Protection from local currency destruction

In this case, the fiat currency is depreciated; Locals can exchange the drop in currency for EUR-backed, USD-backed, or asset-backed stablecoins before they lose their savings. In this way, the people could be protected from a further decline in the value of the local currency.

Stablecoins can provide an ideal solution for everyone by allowing them to exchange falling currencies for stable currencies.

Day-to-day currency

Stablecoins can be used for everyday transactions, such as buying coffee in the morning to send money to relatives, we can use digital wallets to pay with stablecoins.

This stable exchange rate is particularly beneficial for payments overseas, as there is no need to convert to a different fiat currency. A person in the Philippines can receive USD-backed stablecoins without having to convert them to Pesos and lose a large percentage of fees.

Simplify P2P and recurring payments

Stablecoins allow the use of smart financial contracts that are on the blockchain network and do not require a third party or centralized authority to execute them. As automated transactions are transparent, irreversible and traceable, they are also ideal for loan payments, salaries, subscriptions, and rent payments.

For example, employers can set up smart contracts to automatically transfer stablecoins to their employees at the end of each month. This is certainly very helpful for companies that have employees in all parts of the world. Reduces the high costs and lengthy process of exchanging fiat currencies from bank accounts in New York to Asian bank accounts.

With stablecoins, this process only takes a few minutes and costs a small amount of money.

Improved cryptocurrency exchange

There are only a few cryptocurrency exchanges that support fiat cryptocurrencies due to strict regulations. However, the use of stablecoins allows exchanges to solve this problem by offering crypto-fiat trading pairs. 

Users can use USD-backed stablecoins instead of using actual dollars. This will lead to increased adoption of cryptocurrency trading as the process of acquiring cryptocurrency becomes easier for newcomers. Additionally, they can think of trading in terms of dollars or stable assets rather than fluctuating the value of cryptocurrencies like Bitcoin.

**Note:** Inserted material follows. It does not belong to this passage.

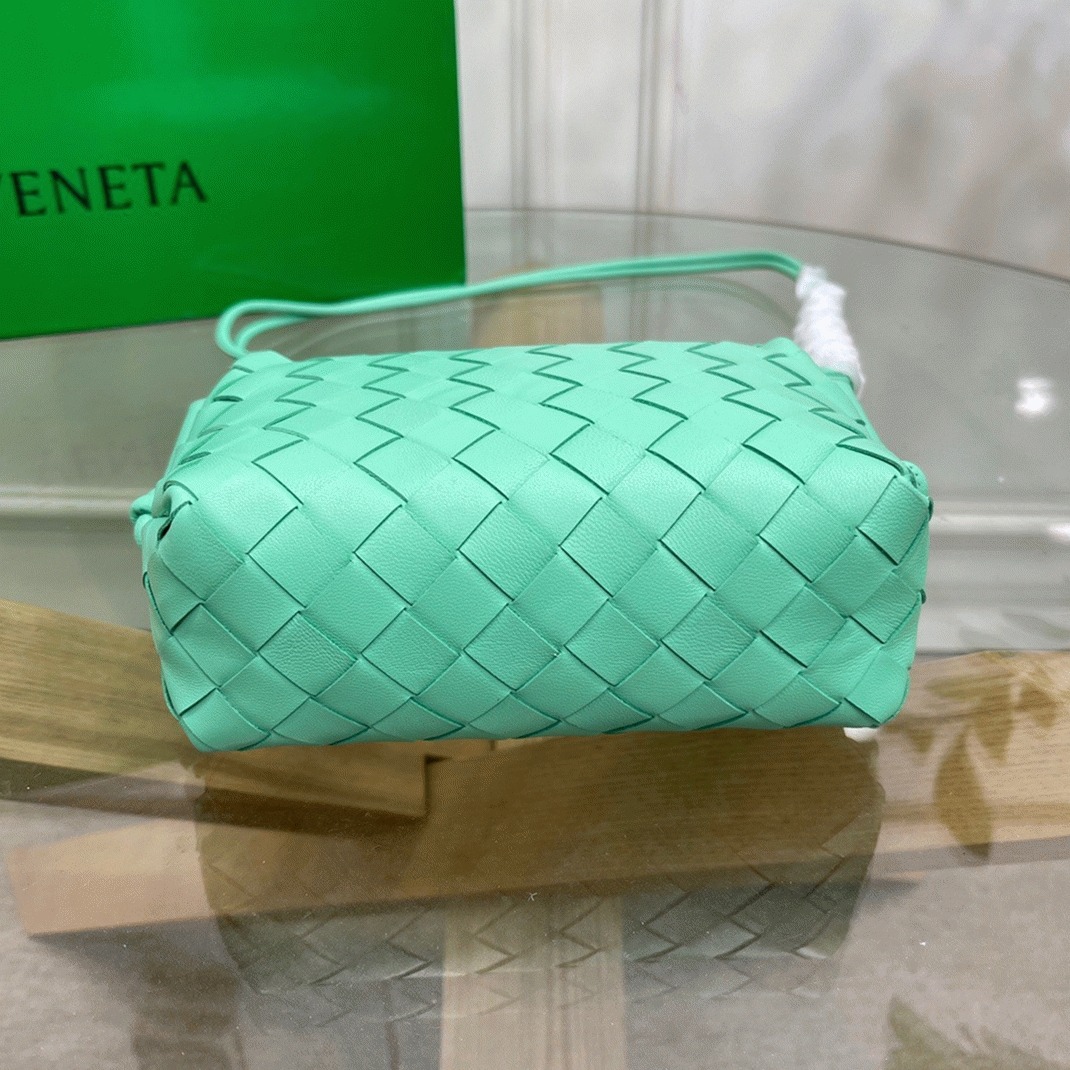 Replica B0tt*ga Ven*ta Loop Mini Bag Fountain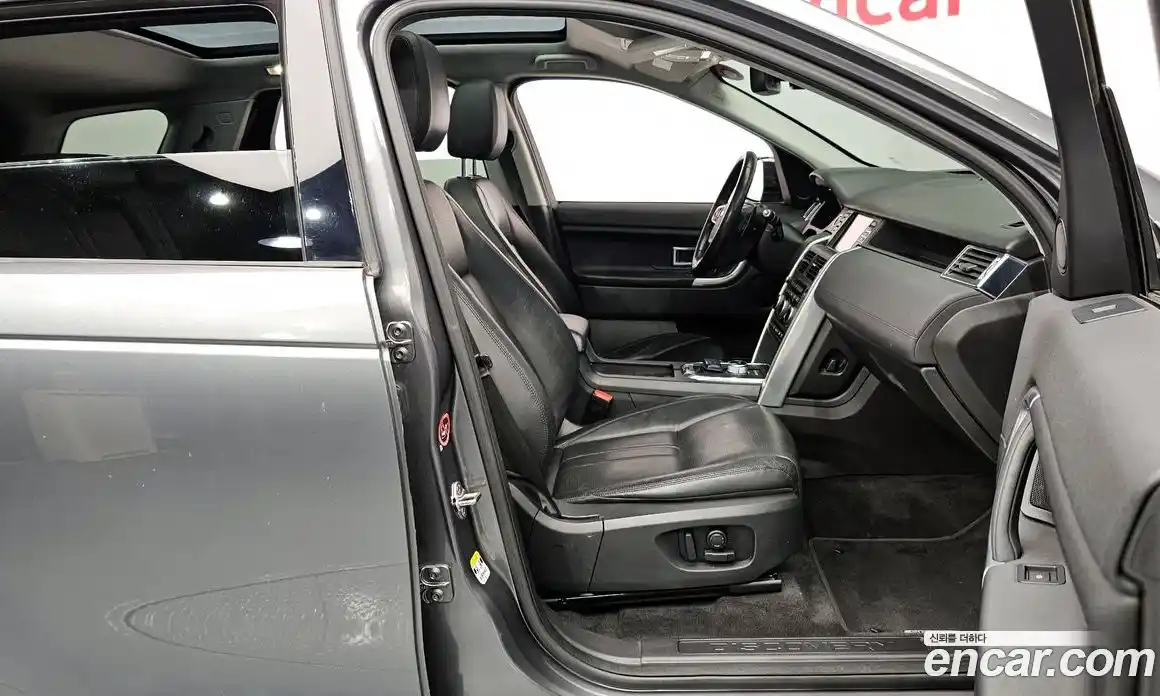 Land Rover Discovery Sport 2016 2.0 Автомат в Москве № 155079, фото 18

Fast and affordable remittances for migrant workers

Today, immigrant workers send payments via platforms like Western Union to send money to loved ones and family. The whole process is quite expensive and slow as the family loses a large amount of funds due to high costs.

While cryptocurrencies are the best solution to this problem with low fees and fast transactions, cryptocurrencies like Bitcoin can drop in value by up to 20-30% in just a day or two.

Stablecoins can be a better alternative to this problem because workers and their families can use digital wallets around the world to transfer stablecoins instantly at low fees and without volatility.